Advantageously, the host system can use the information concerning
the one or more temperature-related events to execute a
corresponding remedial action, such as performing a failure
analysis operation, slow or stop data traffic to and from the host
system to manage data integrity issues, examine and evaluate
existing environment factors (e.g., power supply levels, thermal
air flow levels, etc.)
[0018] FIG. 1 illustrates an example computing environment 100 that
includes a memory sub-system 110 in accordance with some
embodiments of the present disclosure. The memory sub-system 110
can include media, such as one or more volatile memory devices
(e.g., memory device 140), one or more non-volatile memory devices
(e.g., memory device 130), or a combination of such.

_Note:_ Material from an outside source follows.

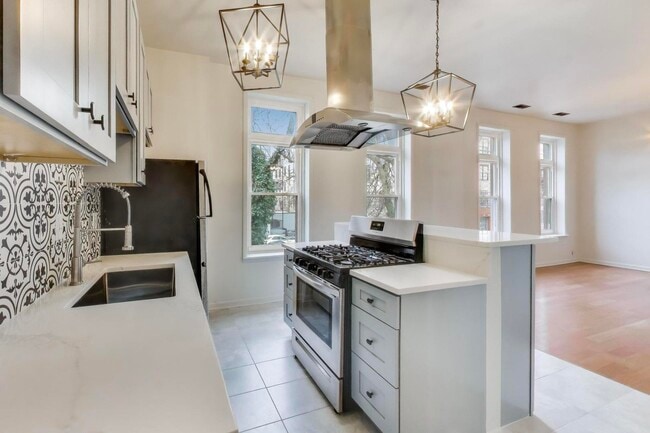 Photo - 600 N May St Unit 2R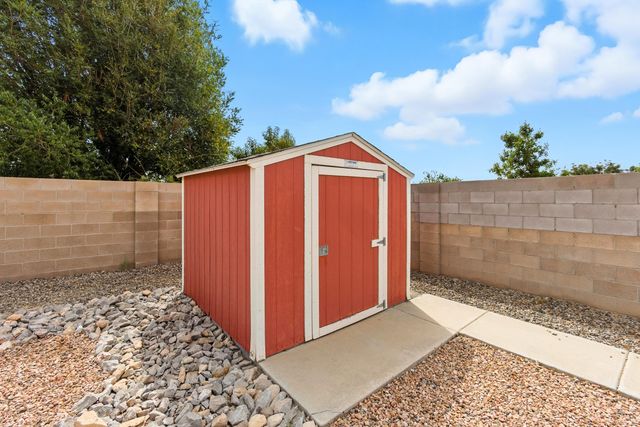 1666 LOS CERRITOS Road NW, Los Lunas, NM 87031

[0019] A memory sub-system 110 can be a storage device, a memory
module, or a hybrid of a storage device and memory module. Examples
of a storage device include a solid-state drive (SSD), a flash
drive, a universal serial bus (USB) flash drive, an embedded
Multi-Media Controller (eMMC) drive, a Universal Flash Storage
(UFS) drive, and a hard disk drive (HDD). Examples of memory
modules include a dual in-line memory module (DIMM), a small
outline DIMM (SO-DIMM), and a non-volatile dual in-line memory
module (NVDIMM).
[0020] The computing environment 100 can include a host system 120
that is coupled to one or more memory sub-systems 110. In some
embodiments, the host system 120 is coupled to different types of
memory sub-system 110. FIG. 1 illustrates one example of a host
system 120 coupled to one memory sub-system 110. The host system
120 uses the memory sub-system 110, for example, to write data to
the memory sub-system 110 and read data from the memory sub-system
110. As used herein, "coupled to" generally refers to a connection
between components, which can be an indirect communicative
connection or direct communicative connection (e.g., without
intervening components), whether wired or wireless, including
connections such as electrical, optical, magnetic, etc.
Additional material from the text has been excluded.